Выбрать главу

Как, верно, многие, с опозданием узнала я и о вехах жизни Бема, о его участии в знаменитом пушкинском семинарии С. А. Венгерова, о разнообразной деятельности в пражской эмиграции; о его искалеченной детским параличом телесной оболочке и внешности “доброго гнома” (графический портрет работы поэта А. Фотинского), о его аресте после взятия Праги советскими войсками и, видимо, тут же приключившейся гибели.

В предисловии написано о необходимости полного издания трудов А. Л. Бема. Еще бы!

 

Ю. Н. Тынянов. Литературная эволюция. Избранные труды. Составление, вступительная статья, комментарии Вл. Новикова. М., “Аграф”, 2002, 495 стр. (“Литературная мастерская”).

Тынянов посещал тот же венгеровский семинарий, что и Бем, будучи на восемь лет (на одно культурное поколение) его моложе. Когда б история России сложилась иначе, они спорили бы друг с другом в одних и тех же профессиональных аудиториях и на страницах одних и тех же научных изданий. Спорили бы наверняка о преемственности между литературными отцами и детьми (Бем) или отталкивании вторых от первых и обращении их, в пику отцам, к дедушкам и дядюшкам по линии словесности (Тынянов). Но история разделила нашу культуру надвое, так что мы можем судить лишь о слабых зачатках наметившегося спора (реплика жившего в свободной Праге Бема о “весьма ценной книжечке Тынянова” — “Достоевский и Гоголь (к теории пародии)” — и думать о так и не выявленной тут “плодотворности противоречий” (этими словами Виктора Шкловского Вл. Новиков назвал свое предисловие к тыняновскому избранному).

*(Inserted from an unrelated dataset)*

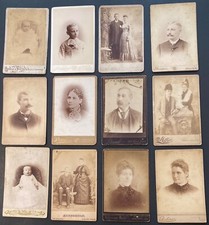 Twelve (12) FANTASTIC CABINET CARD ANTIQUE PHOTOGRAPHS c.1890s (C)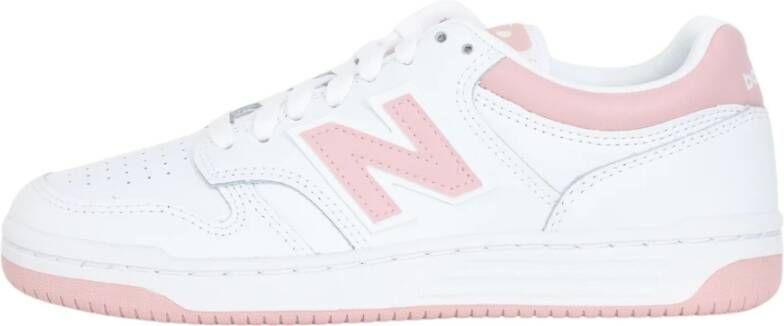 New Balance Witte en roze sneakers voor dames White Dames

Знаменитый “формалист” начиная с 60-х годов уже серьезно переиздавался, изучался и комментировался — в первую очередь усилиями четы Чудаковых, Е. Тоддеса и того же Новикова. Можно, конечно, посетовать, что сколько-нибудь полного академического Тынянова (как и Бема) у нас до сих пор нет и вроде не предвидится. Но нынешний сборник я назвала бы удачной пропедевтикой к наследию Тынянова, своего рода обязательным вводным курсом. В него каким-то чудом вместилось все, без чего нет Тынянова-теоретика (вечно актуальные “Проблемы стихотворного языка”, остроконцептуальные “Литературный факт” и “Литературная эволюция”), без чего нет Тынянова — историка классической литературы в ее непрямолинейном движении (Пушкин, Тютчев, Достоевский, Гоголь, Некрасов, Блок, Хлебников) и нет Тынянова-критика (“Литературное сегодня” и “Промежуток”, которые и ныне по рейтингу цитирования хоть кого опередят)... Это и другое “без чего нельзя” снабжено не только постатейными комментариями, но и экскурсом “Основные понятия научной системы Тынянова” ( материал, форма, прием, установка и проч.): столько же дескриптивно-разъяснительный, сколько самостоятельный теоретико-полемический труд — один из многих трудов “тыняноведа” Новикова, с готовностью “подобравшего кошелек” (“...никто не подбирает кошелька”, — досадовал Тынянов в письме Шкловскому). Короче, в книге удалось совместить черты хрестоматии, учебного курса и оригинального исследования.

В виде попутной реплики напомню тем, кто сегодня издевается над — якобы совковым — понятием “литературный процесс” (та же тыняновская “литературная эволюция”), слова Тынянова: “У истории тупиков не бывает. Есть только промежутки”, — неплохое лекарство от (не чуждого и мне) ощущения “бесконечного тупика”.

 

Марк Щеглов. На полдороге. Слово о русской литературе. [Предисловие Андрея Туркова]. М., “Прогресс-Плеяда”, 2001, 318 стр.

Батюшки, на полке выстраивается — разреженным пунктиром — что-то вроде истории русской критики ХХ века (филологии, журналистики); книги сами разбираются между собой и живо лепятся друг к другу. Впрочем, когда я лет двадцати от роду конспектировала опоязовские сборнички в студенческом зале Ленинки, жизнь я искала в них, а не в статьях моего старшего (опять же на одно поколение) современника, так рано умершего Марка Щеглова (1926 — 1956), подававшего свой — неподкупный! — голос с основательным кляпом во рту. Мне и сию минуту страшно шагнуть из “амбивалентных”, но еще не убитых 20-х годов в то летаргическое предрассветное время.